Expanding Hawaiʻi’蝉 Child and Dependent Care Tax Credit could help more parents stay in or reenter the workforce while partially offsetting its own cost through increased state tax revenue, according to a new report released May 1 by the (糖心Vlog官方ERO).
The report examines proposals before the state legislature to increase the maximum childcare tax credit from $2,500 to $5,000 per child, with two bills taking different approaches to how benefits phase out as household income rises.
Researchers find that Hawaiʻi’蝉 high childcare costs are among the highest in the nation, and often discourage secondary earners, most often mothers, from returning to work. In 2024, center-based infant care averages more than $24,000 annually in Hawaiʻi.
The report explains that the policy’s offsetting effect occurs when a second parent enters the workforce, resulting in increased income tax revenue and additional general excise tax collections.

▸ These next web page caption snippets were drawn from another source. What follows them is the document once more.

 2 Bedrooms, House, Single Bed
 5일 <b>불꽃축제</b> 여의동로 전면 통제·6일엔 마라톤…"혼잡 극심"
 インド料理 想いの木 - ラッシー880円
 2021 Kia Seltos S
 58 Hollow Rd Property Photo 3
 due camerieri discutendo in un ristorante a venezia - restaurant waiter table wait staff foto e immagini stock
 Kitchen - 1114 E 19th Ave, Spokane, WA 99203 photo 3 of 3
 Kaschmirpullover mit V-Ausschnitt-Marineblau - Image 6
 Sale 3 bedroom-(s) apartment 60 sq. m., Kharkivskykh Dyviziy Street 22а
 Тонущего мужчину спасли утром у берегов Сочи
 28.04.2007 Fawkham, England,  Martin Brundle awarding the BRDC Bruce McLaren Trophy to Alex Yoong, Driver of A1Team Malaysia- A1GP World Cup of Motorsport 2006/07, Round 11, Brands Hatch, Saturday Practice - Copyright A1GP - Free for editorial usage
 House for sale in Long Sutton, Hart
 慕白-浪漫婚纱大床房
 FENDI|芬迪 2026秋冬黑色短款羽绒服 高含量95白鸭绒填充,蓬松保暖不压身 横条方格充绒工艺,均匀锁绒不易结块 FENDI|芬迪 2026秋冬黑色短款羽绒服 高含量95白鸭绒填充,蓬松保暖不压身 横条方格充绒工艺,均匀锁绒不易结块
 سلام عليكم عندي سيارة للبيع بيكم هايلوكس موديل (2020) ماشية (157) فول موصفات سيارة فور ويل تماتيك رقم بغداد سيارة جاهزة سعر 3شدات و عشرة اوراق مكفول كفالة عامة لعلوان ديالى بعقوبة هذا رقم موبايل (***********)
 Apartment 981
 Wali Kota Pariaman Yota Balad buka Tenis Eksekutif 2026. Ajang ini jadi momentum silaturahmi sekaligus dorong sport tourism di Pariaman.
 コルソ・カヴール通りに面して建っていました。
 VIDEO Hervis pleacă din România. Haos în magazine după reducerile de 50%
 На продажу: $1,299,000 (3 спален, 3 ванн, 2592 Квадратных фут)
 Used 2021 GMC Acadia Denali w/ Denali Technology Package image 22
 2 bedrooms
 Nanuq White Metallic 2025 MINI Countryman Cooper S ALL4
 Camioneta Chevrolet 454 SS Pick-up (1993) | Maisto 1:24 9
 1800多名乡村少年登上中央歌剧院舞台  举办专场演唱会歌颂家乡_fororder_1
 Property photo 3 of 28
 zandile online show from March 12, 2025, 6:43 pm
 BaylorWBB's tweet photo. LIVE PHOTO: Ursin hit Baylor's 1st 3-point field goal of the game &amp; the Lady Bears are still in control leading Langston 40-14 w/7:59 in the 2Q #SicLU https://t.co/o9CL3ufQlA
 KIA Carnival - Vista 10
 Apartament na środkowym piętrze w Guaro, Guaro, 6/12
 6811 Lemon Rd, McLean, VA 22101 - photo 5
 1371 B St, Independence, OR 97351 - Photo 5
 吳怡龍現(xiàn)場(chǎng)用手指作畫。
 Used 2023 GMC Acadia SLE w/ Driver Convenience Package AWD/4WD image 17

In one mid-income household example, a second earner returning to work would generate $3,401 in state income tax revenue and $1,763 in additional GET revenue under the targeted credit proposal, resulting in a net fiscal gain of $2,663 for the state even after accounting for the $2,500 credit cost.
The report finds the strongest case for expanding the credit is among middle-income households, where childcare costs consume a large share of income, and the added tax credit is more likely to influence work decisions.
However, the report cautions that expanding the credit alone may not be sufficient if Hawaiʻi’蝉 childcare supply cannot keep pace with demand. Without more childcare spaces, subsidies could simply drive up prices rather than improve access. The report also notes that for lower-income families, benefit cliffs—when earning slightly more income causes families to lose eligibility for public benefits such as SNAP or childcare assistance—could reduce the effectiveness of any tax credit expansion.